Data to process:
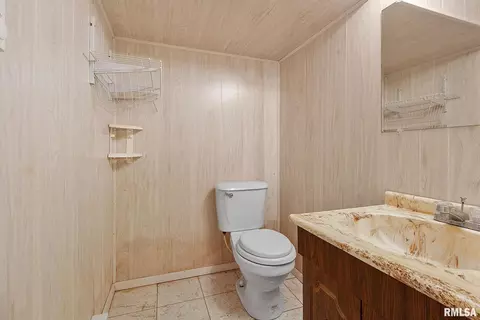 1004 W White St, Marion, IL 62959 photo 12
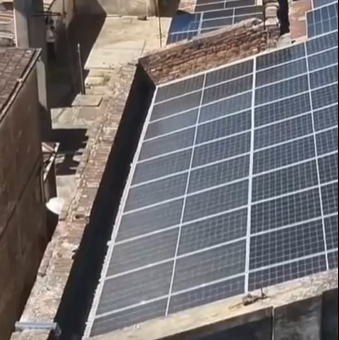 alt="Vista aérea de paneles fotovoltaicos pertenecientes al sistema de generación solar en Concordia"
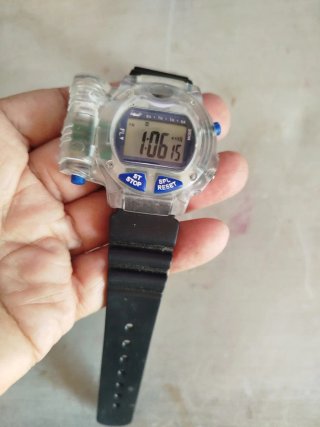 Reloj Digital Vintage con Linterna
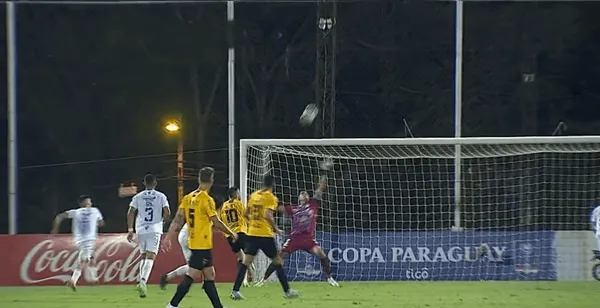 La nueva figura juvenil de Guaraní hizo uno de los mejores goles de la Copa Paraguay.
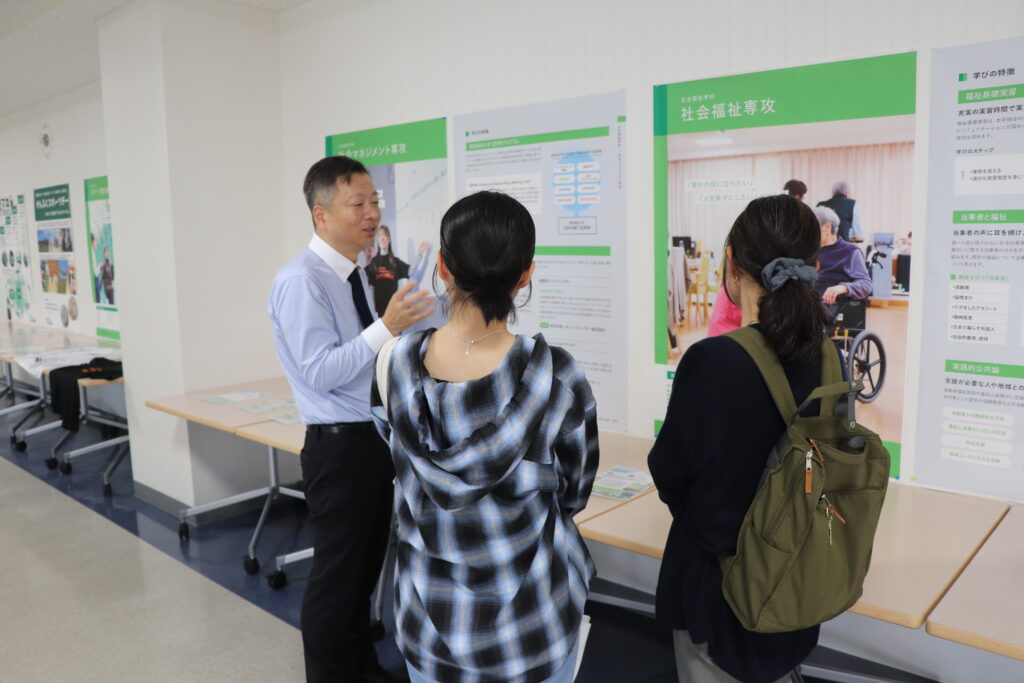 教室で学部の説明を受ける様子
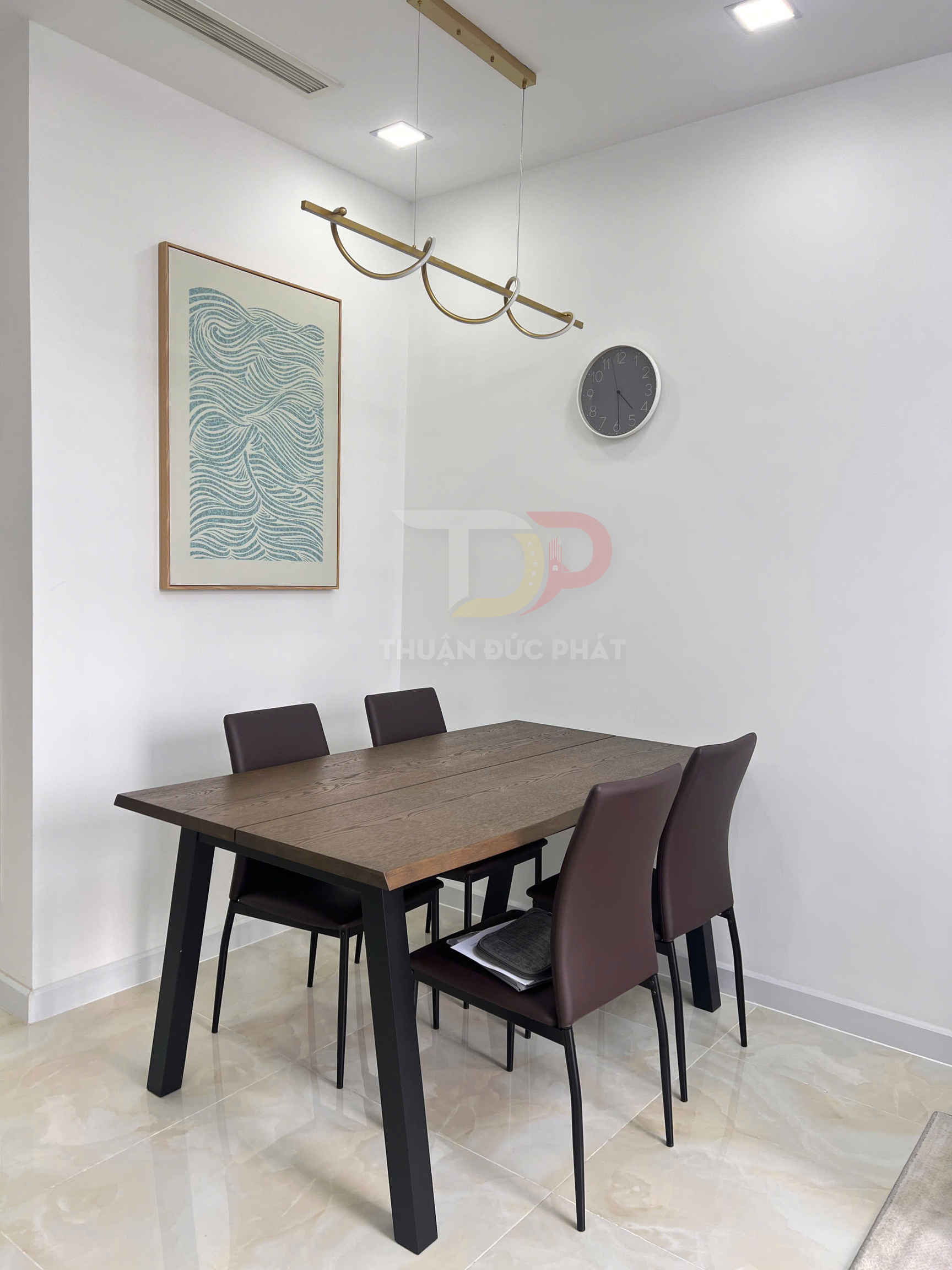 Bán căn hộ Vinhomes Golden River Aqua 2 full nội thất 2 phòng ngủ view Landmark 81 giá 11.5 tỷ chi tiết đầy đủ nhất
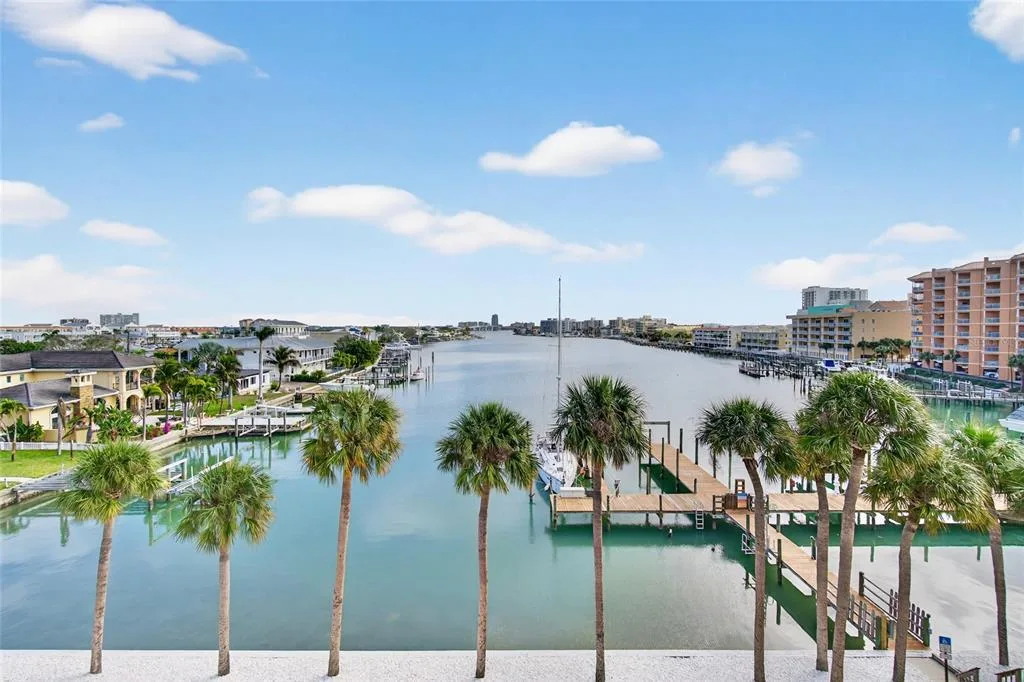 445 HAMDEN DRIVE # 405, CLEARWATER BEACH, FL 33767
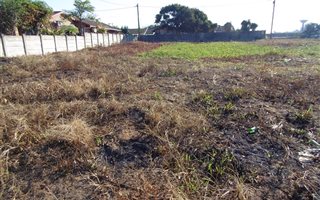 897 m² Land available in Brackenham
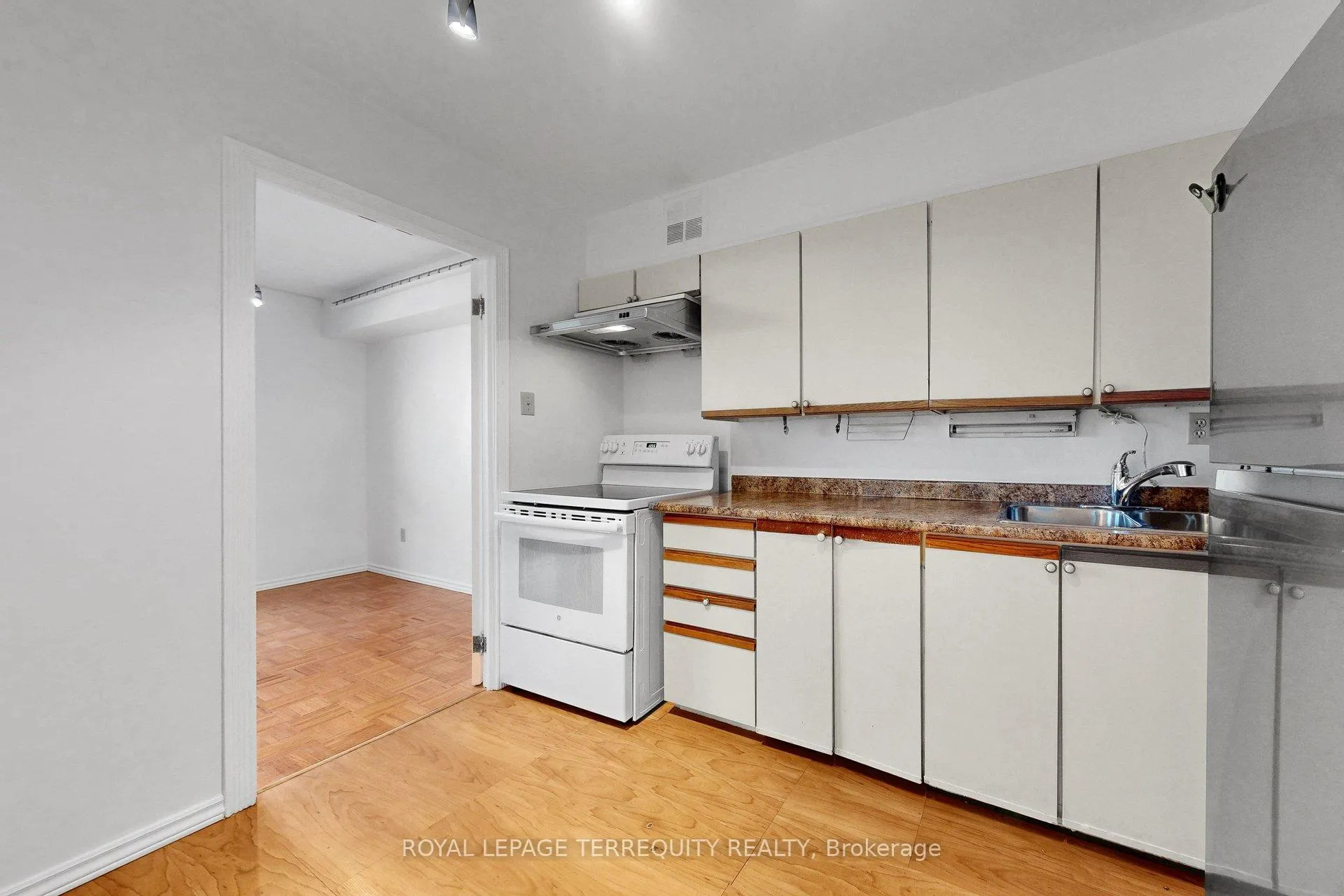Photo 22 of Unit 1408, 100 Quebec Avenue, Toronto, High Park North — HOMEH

Problem description:
The lines from the one holding "445 HAMDEN DRIVE" through the end of the entries are to be transcribed exactly, both ends included, with the pictures left out.

Result:
 445 HAMDEN DRIVE # 405, CLEARWATER BEACH, FL 33767
 897 m² Land available in Brackenham
Photo 22 of Unit 1408, 100 Quebec Avenue, Toronto, High Park North — HOMEH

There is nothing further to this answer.